Last year, Minnesota Rep. Michele Bachmann summed up what would become the de facto Republican platform for the 2010 midterm elections when she fretted, "We're running out of rich people in this country." Now, as the GOP demands a $700 billion Treasury-draining tax cut for the wealthiest Americans even as it calls for a balanced budget amendment to the Constitution, a new study shows that the rich will win even if they lose.
As the New York Times reported Wednesday, the nonpartisan Joint Committee on Taxation examined the impact of letting the Bush tax cuts of 2001 and 2003 lapse for just the top bracket taxpayers. The analysis, request by Democrats on the House Way and Means Committee, found:

Taxpayers with income of more than $1 million for 2011 would still receive on average a tax cut of about $6,300 compared with what they would have paid under rates in effect until 2001...That compares, however, with the roughly $100,000 average tax cut that households with more than $1 million in income would receive under current rates.
Filers with taxable income of $500,000 to $1 million would still get on average a tax cut of $6,700 compared with pre-2001 rates, according to the data from the tax analysts. But that compares with roughly $17,500 if the top Bush tax rates were maintained.
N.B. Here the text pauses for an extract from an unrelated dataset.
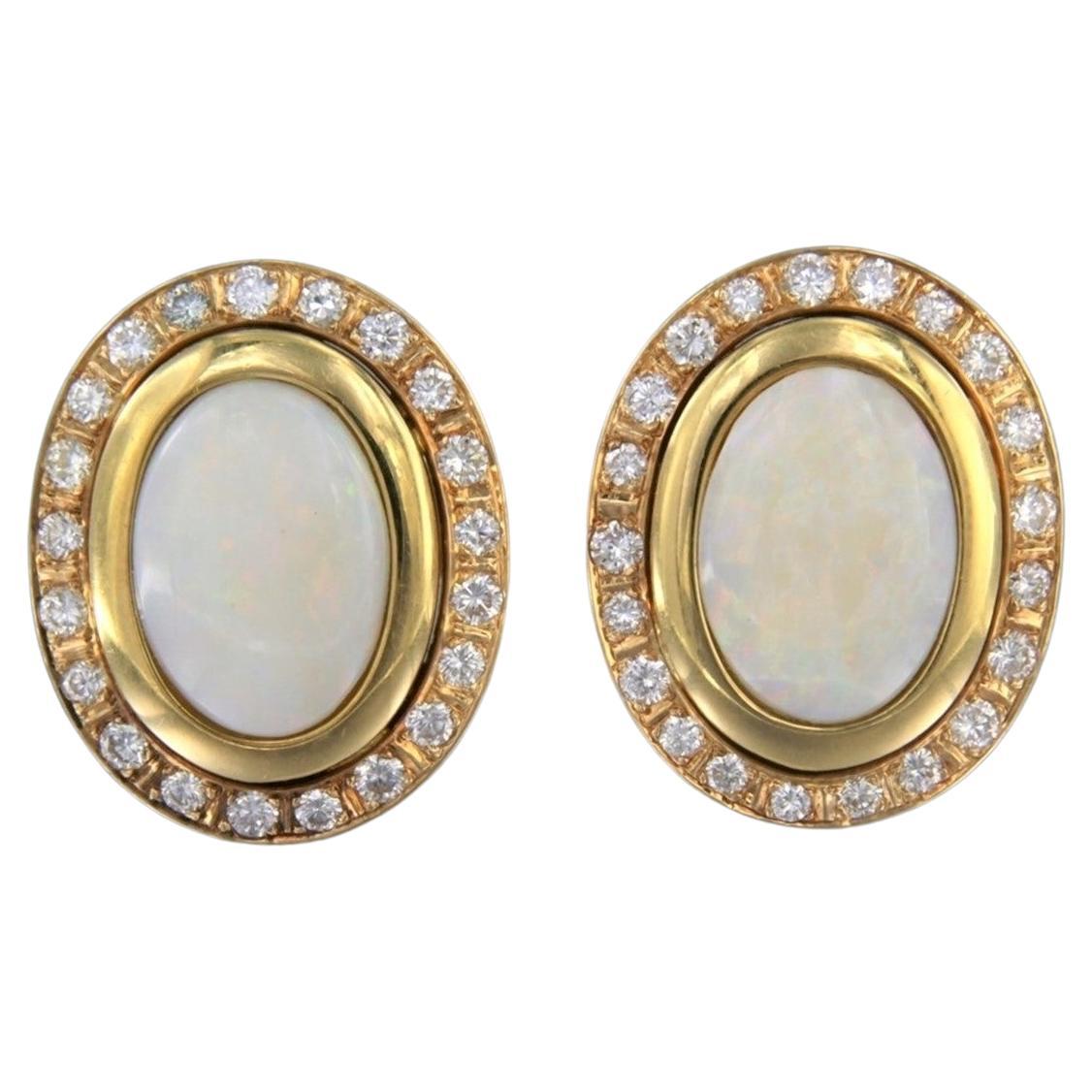 Ohrringe mit Opal und Diamant aus 18 Karat Gelbgold im Angebot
As it turns out, the wealthy have never had it so good - at least since 1929. Income inequality in the United States has reached record levels not seen since the start of the Great Depression. Over the three decades ending in 2007, CBPP found that the top 1 percent's share of the nation's total after-tax household income more than doubled, from 7.5 percent to 17.1 percent. During that time, the share of the middle 60% of Americans dropped from 51.1 percent to 43.5 percent; the bottom four-fifths declined from 58 percent to 48 percent. As for the poor, they fell further and further behind, with the lowest quintile's income share sliding to just 4.9%.
To be sure, the deficit-exploding Bush tax cuts played an essential role in fueling the gap. As the Center for American Progress reported in 2008, that upper class payday delivered a third of its total benefits to the wealthiest 1% of Americans. More shocking still, between 2001 and 2007, the income share of the 400 richest American taxpayers doubled even as their tax rates were halved. As the New York Times revealed in October, by 2007 the top 1% - the 1.5 million families earning more than $400,000 - reaped 24% of the nation's income. The bottom 90% - the 136 million families below $110,000 - accounted for just 50%. Even when the top two rates were 36% and 39.6%, as they were during the Clinton era and to President Obama now proposes returning, the wealthy (along with almost everyone else) did very well, indeed.
The JCT analysis is just the latest in a long list demolishing the "10 Republican Lies about the Bush Tax Cuts." The assessment makes clear that Democrats aren't proposing an across the board tax hike on January 1st costing $3.8 trillion, as GOP leaders like Sarah Palin pretend. The fear-mongering about the supposedly devastating impact on small businesses, too, is debunked:

For their part, Republicans do not emphasize the impact of extending the tax cuts for wealthy individuals. Rather, they say Mr. Obama is about to spring a big tax increase on many small-business owners who file their taxes as individuals. Analyses from the Joint Committee on Taxation and the Tax Policy Center, a nonpartisan research organization, show that less than 3 percent of filers with small-business income pay at the top two income tax rates, and many of those are doctors and lawyers in partnerships.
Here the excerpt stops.